In the average application, ORMs such as Entity Framework or NHibernate are great for about 95% of your database access. They work very well for inserts, updates, deletes and most selects.

It's common knowledge that complex selects pulling data from a lot of different tables can result in inefficient queries, but one of the other scenarios they struggle with is bulk data fetching. ORMs are very much focused on dealing with individual records, or small numbers of individual records. And this works well most of the time; if you have an order management system, you probably don't want to retrieve half a million order records from your database at once. That's far more than your users can focus on!

But databases are flexible things and not every database table is backing a results grid in a CRUD app. There are scenarios where it makes sense to be dealing with half a million records, especially when those records are fairly small pieces of data.

Imagine you have a word list table consisting of just an ID ((integer(64))) and a word (varchar(16)). Half a million records of those sounds like a lot, but it's in the region of 10MB of data - certainly well within what you'd hope a database driven application can handle. An SQL database could return that instantaneously, but often with ORMs, the response will take seconds. I don't know why this is, but if I had to guess I'd say that allocating memory for and creating the objects to represent these records adds a lot of overhead.

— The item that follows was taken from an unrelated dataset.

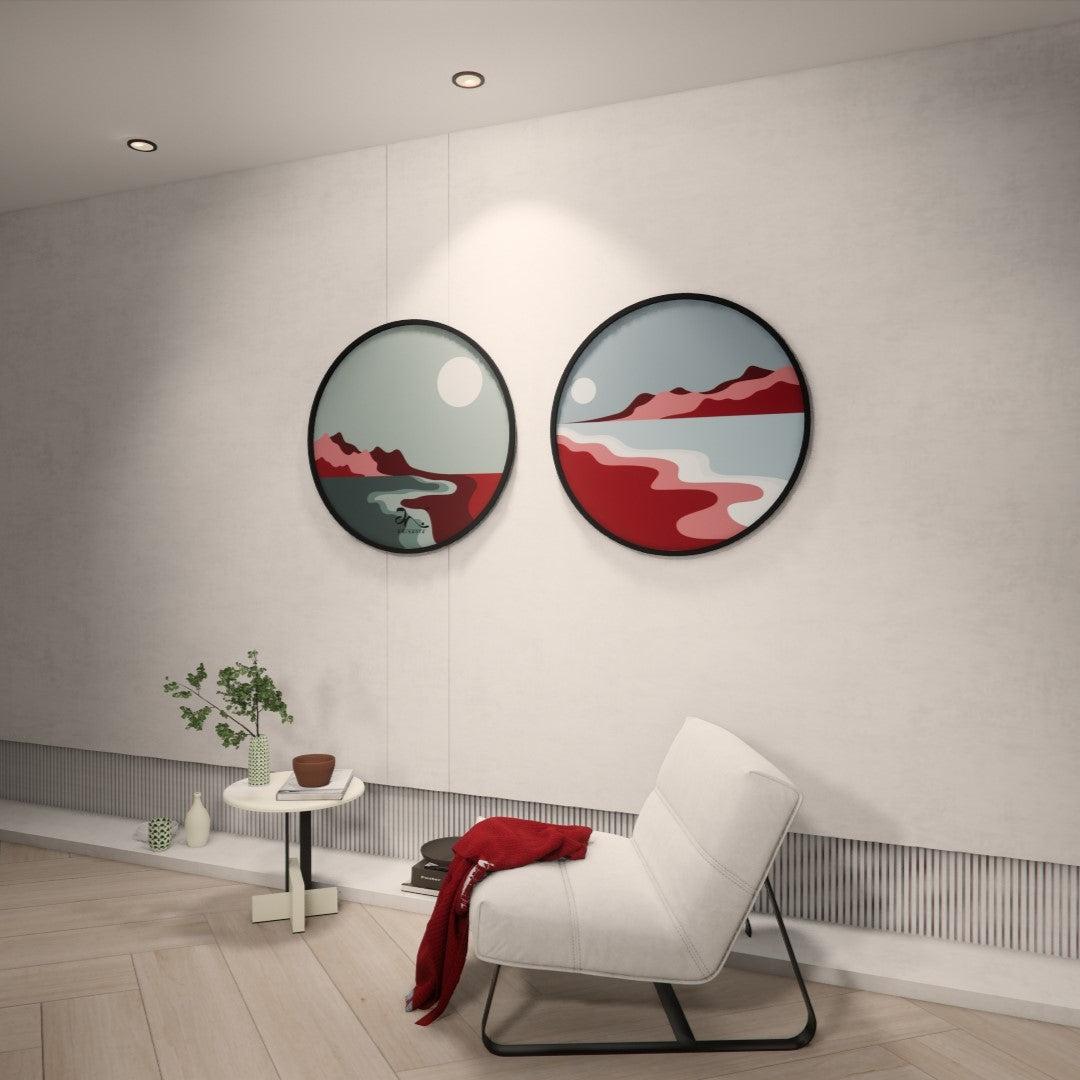 Serene Seascape - Image 5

When dealing with bulk data you often don't really want high level objects. You'd often be happy with a list of dictionaries or even just a dictionary of strings keyed by the record ID, or perhaps you can get away with some routine that just reads through the data as a stream, calculating something as you go.

Using the SqlDataReader

So, how do we bypass the ORM to give us the raw data without all the overhead?

The answer is: the SqlDataReader.

SqlDataReader is a built-in .NET class designed as a more powerful but less convenient way of streaming results from an SQL query. Despite being less convenient, you'll be pleased to know that DataReaders are actually very simple to understand and use.

Conceptually, an SqlDataReader is a line based string scanner. It operates on a streamed string containing tabular data from an SQL database response and provides methods to consume primitives from the string.

What that means is you iterate over each row of the results with .Read(), and use .GetType(fieldIndex) methods to read each field from the row.

It looks something like this:

public IDictionary<long, string> ReadTable()
{
  var statement = "SELECT id, word FROM wordlist";

  using (SqlConnection connection = new SqlConnection("connection string goes here"))
  using (SqlCommand command = new SqlCommand(statement, connection))
  {
    connection.Open();

    using (SqlDataReader reader = command.ExecuteReader()) 
    {
      var words = new Dictionary<long, string>();
      while (reader.Read()) 
      {
        // The indices of GetInt64() and GetString()
        // refer to the field positions, i.e. id = 0, word = 1, 
        // as this was the order of our SELECT statement.
        var id = reader.GetInt64(0);
        var word = reader.GetString(1);
        words[id] = word;
      }
      return word;
    }
  }
}

This should give you nearly the same performance as running the query directly in an SQL console.